深月もやっと落ち着きを取り戻し、暁は近くの石段に座った雛のもとへ向かう。

 「雛、怪我を見せてくれ」

 暁はその場に片膝をつき、雛を見上げるように見た。

 「もう、いいわよ。この人が、診てくれたから」

 「あ、ははは、なんかごめんなさい。雛ちゃん、軽い捻挫と打撲だったよ」

 「そうか。適切な処置に感謝する」

 「いえいえ、お構いなく〜」

 気まずい空気が流れていることを察した璃莉は、ひょいと立ち上がって深月のほうへ避難した。

 すぐそばに深月と璃莉がいるとはいえ、まるで個室の空間に押し込められたような空気を醸し出すふたりに、深月まで緊張してしまった。

 「……あれは、なんなの」

 ようやく雛が口を開き、先ほどの説明を求めた。

 「悪鬼という、あやかしものだ。男のほうは、禾月。あちらもあやかしもの、人間の血を糧にする種族だ」

 「……」

 それを聞いて雛は黙り込ん。公には知られていない事実に、理解しきれないのかもしれない。

 通常ならば、悪鬼や禾月と遭遇した一般人は、等しく忘却剤を打って記憶を失くす処置を施すそうだが、雛のことはどうするつもりなのだろう。

 「……って」

 涙声混じりの雛の声が、言いきれずに途切れる。

 暁はそっと近寄り、嗚咽混じりな声を出す雛の唇を読み取った。

 「もし、かして、お父さま、お母さま。鶴子、姉さま。みんなを殺したのは、あれなの?」

 どこで確証を得たのかはわからない。けれど暁に問いかける雛の瞳から、彼の敵意が忽然と消えていて。

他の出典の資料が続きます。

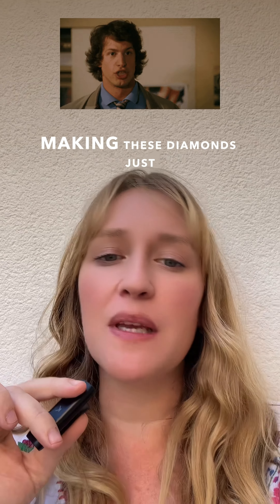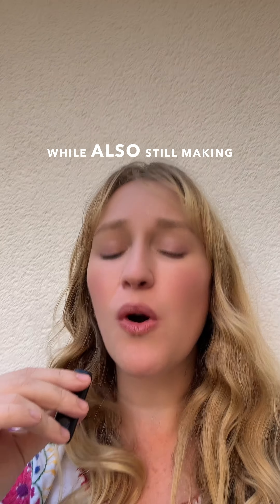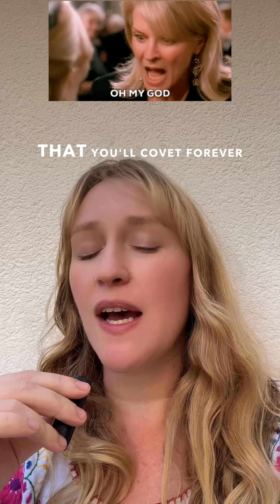It's a significant amount drawn down from the atmosphere, making these diamonds just so cool. This is a really creative approach to addressing the climate crisis, while also making something really beautiful that you'll covet forever.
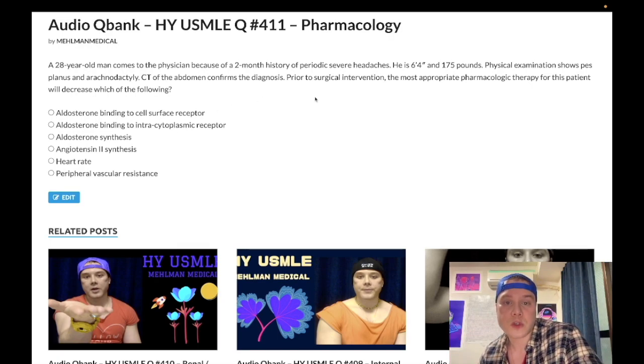28-year-old man with a two-month history of severe periodic headaches. He's 6'4", 175 pounds. He has pes planus and arachnodactyly. CT scan of the abdomen confirms the diagnosis. Prior to surgical intervention, the most appropriate pharmacologic therapy for this patient will decrease which of the following? He is tall and lanky, has flat feet — that's what pes planus means — and long, spider-like fingers. This sounds like Marfan syndrome, but it's not. We call this Marfanoid body habitus.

 彼女のなかでほとんど確信しているということが、その様子からはわかった。

 「ああ、そうだ。君の家族も、俺の家族も、屋敷の皆も、暴走したあやかしものに殺された」

 暁は、稀血とは言わなかった。

 事実を知ったばかりの雛に、これ以上混乱させてはいけないという彼なりの配慮だったのだろう。

 暁が肯定の意を見せると、雛は泣き出してしまった。

 「どうして、言ってくれなかったのよ。あんな恐ろしいもの、野盗とはまったく違うわ。子どものあなたが、勝てるわけないじゃない」

 禍々しく恐ろしい悪鬼を目のあたりにした雛は、まだ同じく子どもであった暁が助けられなくてもしょうがなかったと理解した。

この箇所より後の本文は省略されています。